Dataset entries
[Start of section]
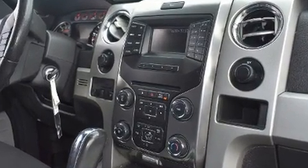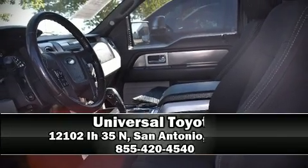Our team is professional and we offer a no-pressure environment. We are here to help you.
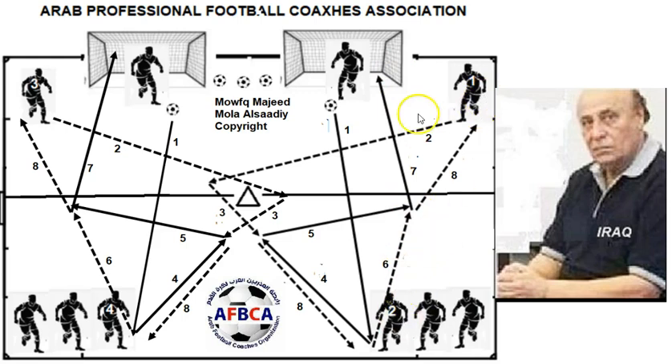Number two then goes to number one's position, and number one goes to number two's position behind the group. At the same time, the other group performs the same movement and the same shooting sequence.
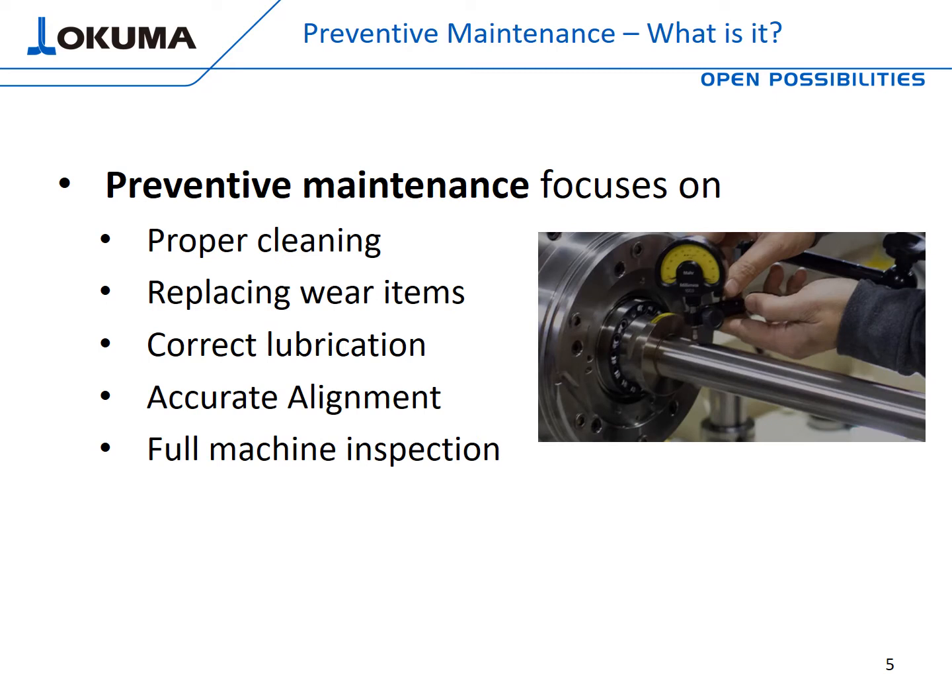So let's take that one step further. Now we know the definition, but what areas does preventive maintenance focus on? It focuses on proper cleaning — a clean machine is a happy machine. Replacing the proper wear items, because movement causes wear. That's why we have aftermarket service parts. Correct lubrication, which can control temperature between moving components when friction takes place. Accurate alignment — a square and level machine will operate at optimum performance. And while we're in there, let's do a full machine inspection to make sure it has a clean bill of health.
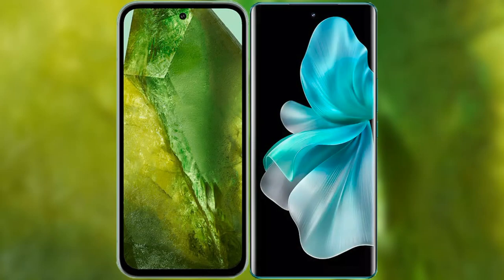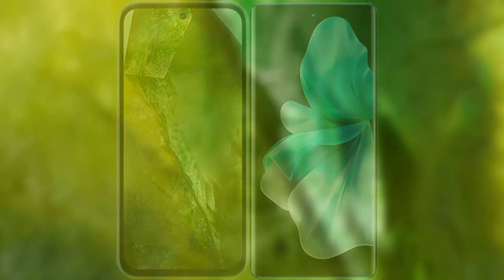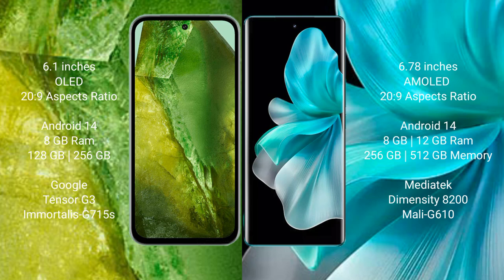I will compare the new Google Pixel 8a with Vivo V30 Pro. Google Pixel 8a comes with a 6.1-inch OLED display and a 20:9 aspect ratio. Vivo V30 Pro comes with a 6.78-inch AMOLED display and a 20:9 aspect ratio.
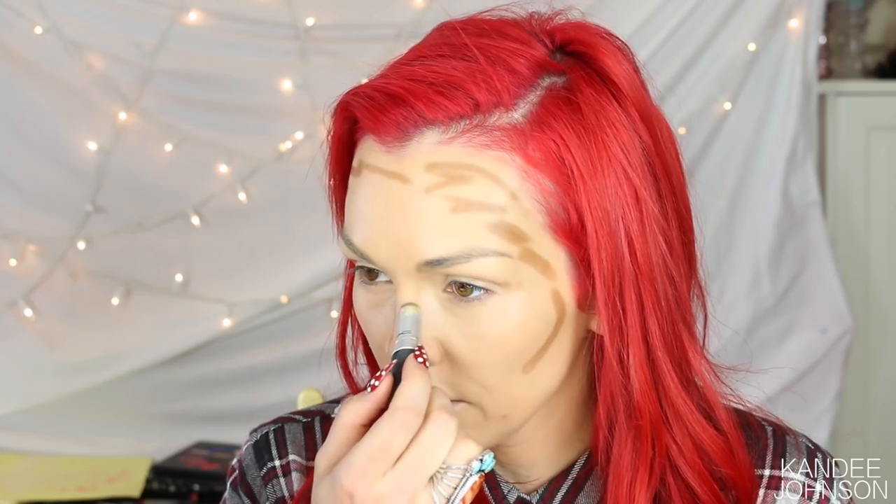Oh my gosh, I totally forgot to do the contour before — I just get so excited about setting my foundation! Okay, so this is — if anybody wants to know — the Matchmaster Concealer in number 8. It's way darker than my skin tone, but this is what you want to use to do a little bit of contour. You don't have to do this every day, I'm just going to show you guys because I feel like it does make a difference.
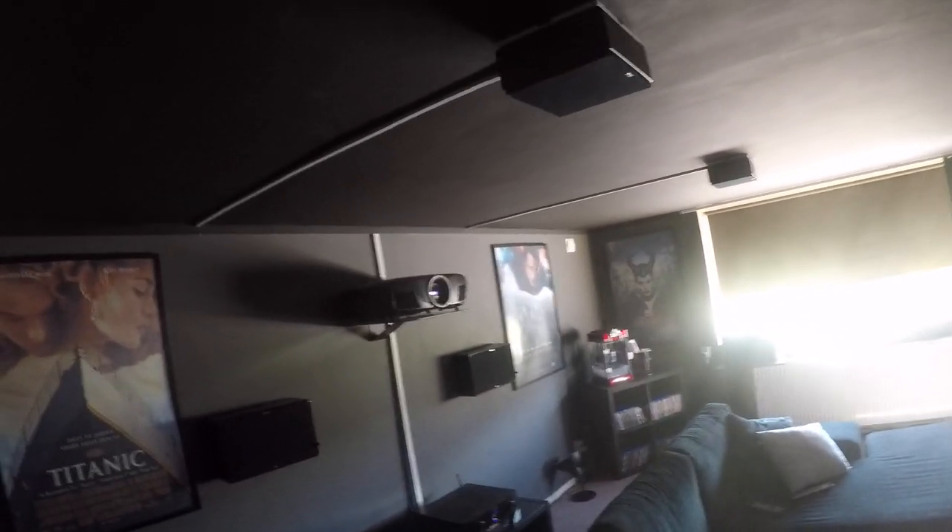Hi there YouTube, this is my second video of my home cinema system. Last time I gave you a quick tour; this time I thought I'd give you a small demo and then I want your thoughts on some updates I'm thinking about. It's a 7.2.2 system — Jamo on-wall speakers all around, Emotiva Basic 12-inch subwoofers, Marantz 7013 receiver, and the Epson 6050 projector (here in Sweden it's called the 9300). So let's black it out and I'll give you a demo.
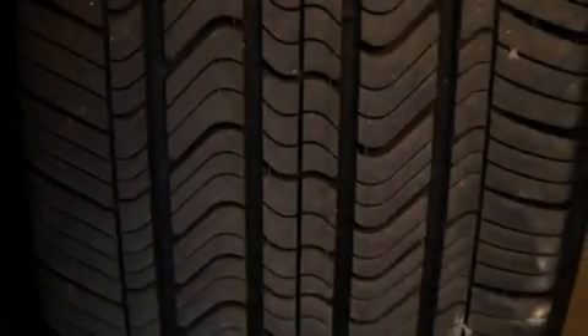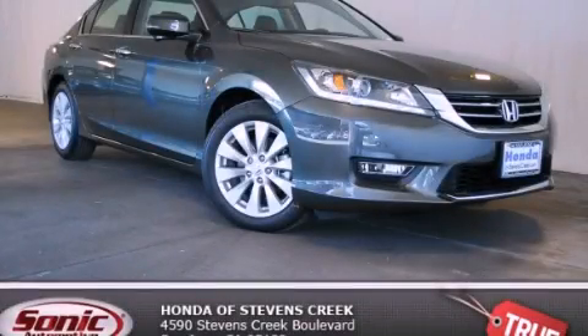With an EPA estimated rating of 34 miles per gallon on the highway, this automobile does not compromise its fuel efficiency for size, comfort, or fun. Stop by today and test drive this automobile for yourself.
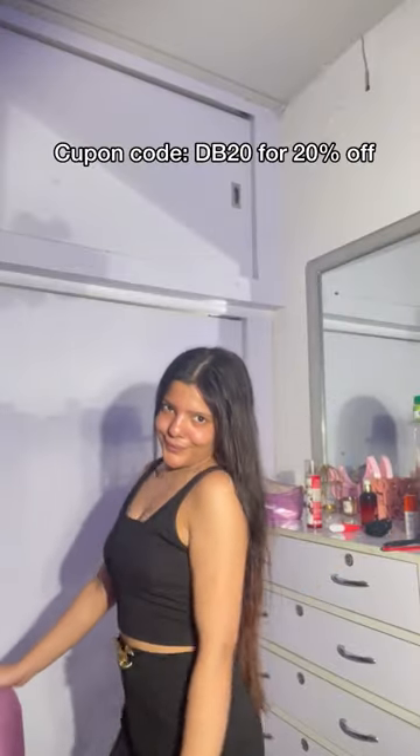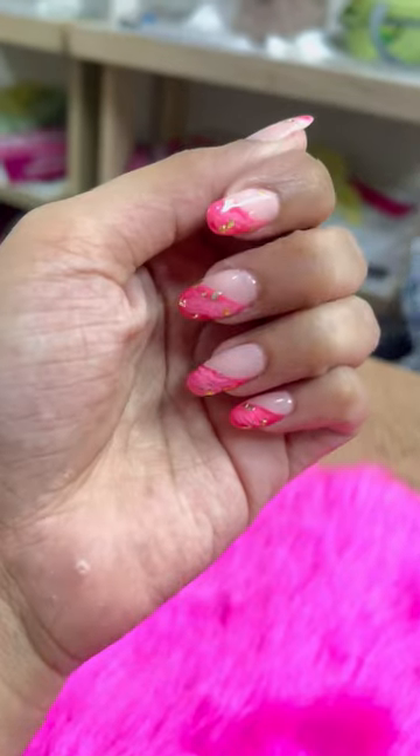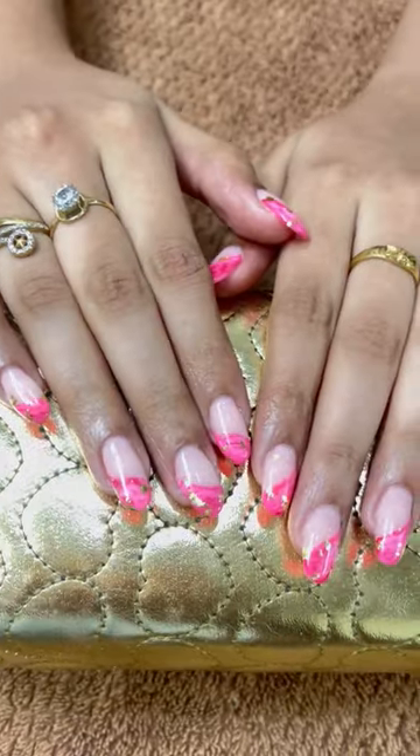After that I put on Dermaco's sunscreen and my face is glowing and clean without any filters. You can use my coupon code DB20 for 20% off. As soon as I am ready, I am getting my nails done — comment and tell me how you are feeling!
[End of section]
• Action item
Your copy should match every record exactly and contain no pictures.

• Solution below
Our team is professional and we offer a no-pressure environment. We are here to help you.
Number two then goes to number one's position, and number one goes to number two's position behind the group. At the same time, the other group performs the same movement and the same shooting sequence.
So let's take that one step further. Now we know the definition, but what areas does preventive maintenance focus on? It focuses on proper cleaning — a clean machine is a happy machine. Replacing the proper wear items, because movement causes wear. That's why we have aftermarket service parts. Correct lubrication, which can control temperature between moving components when friction takes place. Accurate alignment — a square and level machine will operate at optimum performance. And while we're in there, let's do a full machine inspection to make sure it has a clean bill of health.
I will compare the new Google Pixel 8a with Vivo V30 Pro. Google Pixel 8a comes with a 6.1-inch OLED display and a 20:9 aspect ratio. Vivo V30 Pro comes with a 6.78-inch AMOLED display and a 20:9 aspect ratio.
Oh my gosh, I totally forgot to do the contour before — I just get so excited about setting my foundation! Okay, so this is — if anybody wants to know — the Matchmaster Concealer in number 8. It's way darker than my skin tone, but this is what you want to use to do a little bit of contour. You don't have to do this every day, I'm just going to show you guys because I feel like it does make a difference.
Hi there YouTube, this is my second video of my home cinema system. Last time I gave you a quick tour; this time I thought I'd give you a small demo and then I want your thoughts on some updates I'm thinking about. It's a 7.2.2 system — Jamo on-wall speakers all around, Emotiva Basic 12-inch subwoofers, Marantz 7013 receiver, and the Epson 6050 projector (here in Sweden it's called the 9300). So let's black it out and I'll give you a demo.
With an EPA estimated rating of 34 miles per gallon on the highway, this automobile does not compromise its fuel efficiency for size, comfort, or fun. Stop by today and test drive this automobile for yourself.
After that I put on Dermaco's sunscreen and my face is glowing and clean without any filters. You can use my coupon code DB20 for 20% off. As soon as I am ready, I am getting my nails done — comment and tell me how you are feeling!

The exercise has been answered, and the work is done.